(Task objective): Your reply should reproduce all the data below exactly while excluding the pictures.

Collection entries
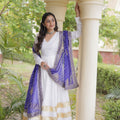 Charming White Rayon Gown with Purple Dupatta and Gota Patti Lace Work for Navratri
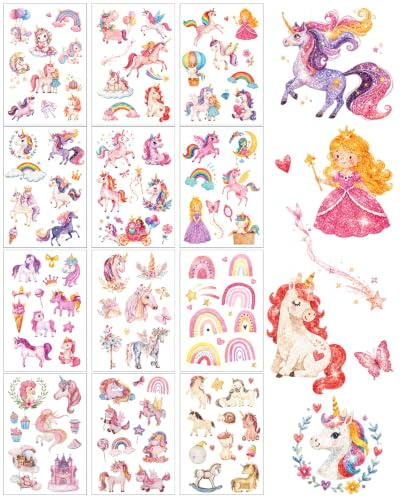 Einhorn Tattoo 12 Blatt, Geschenke für Mädchen ab 5 6 7 8 9 10 Jahre, Glitzer Kindertattoos, Mitgebsel Kindergeburtstag, Glitzertattoos Kinder Set, Geburtstag Party Deko, Adventskalender Füllung 2026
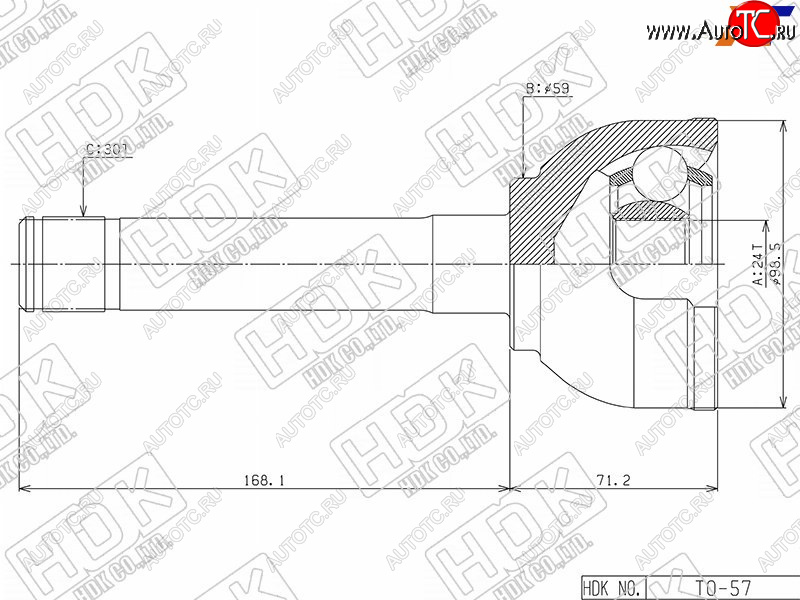7 899 р. Шрус наружный TOYOTA LAND CRUISER 80105 90-94- короткий HDK TO-57  с доставкой в г. Майкоп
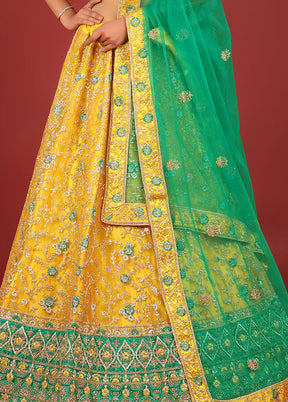 3 Pc Mustard Net Semi Stitched Lehenga Set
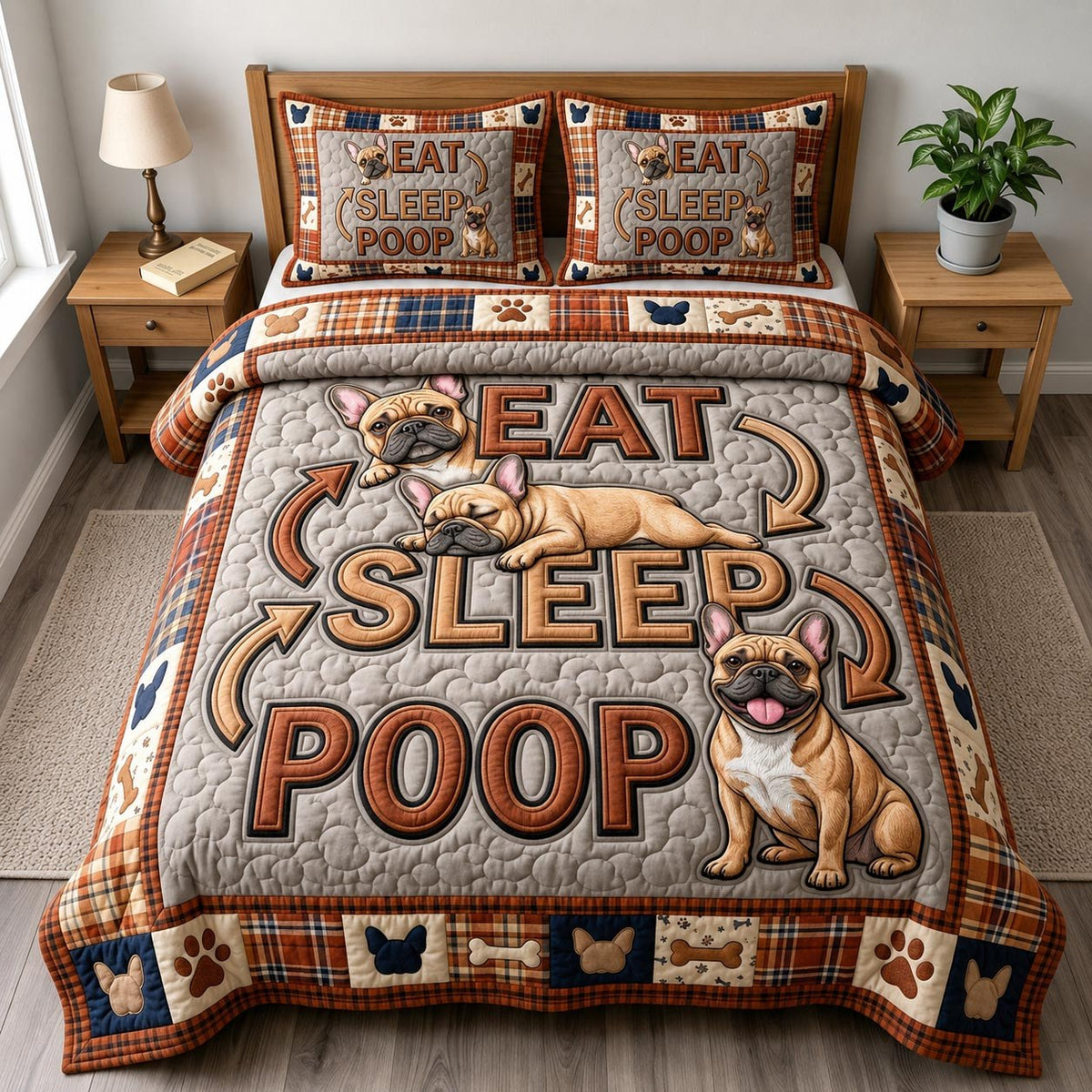 French Bulldog quilted 3-piece bedding set on a made bed with two matching pillow shams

(Response):
 Charming White Rayon Gown with Purple Dupatta and Gota Patti Lace Work for Navratri
 Einhorn Tattoo 12 Blatt, Geschenke für Mädchen ab 5 6 7 8 9 10 Jahre, Glitzer Kindertattoos, Mitgebsel Kindergeburtstag, Glitzertattoos Kinder Set, Geburtstag Party Deko, Adventskalender Füllung 2026
7 899 р. Шрус наружный TOYOTA LAND CRUISER 80105 90-94- короткий HDK TO-57  с доставкой в г. Майкоп
 3 Pc Mustard Net Semi Stitched Lehenga Set
 French Bulldog quilted 3-piece bedding set on a made bed with two matching pillow shams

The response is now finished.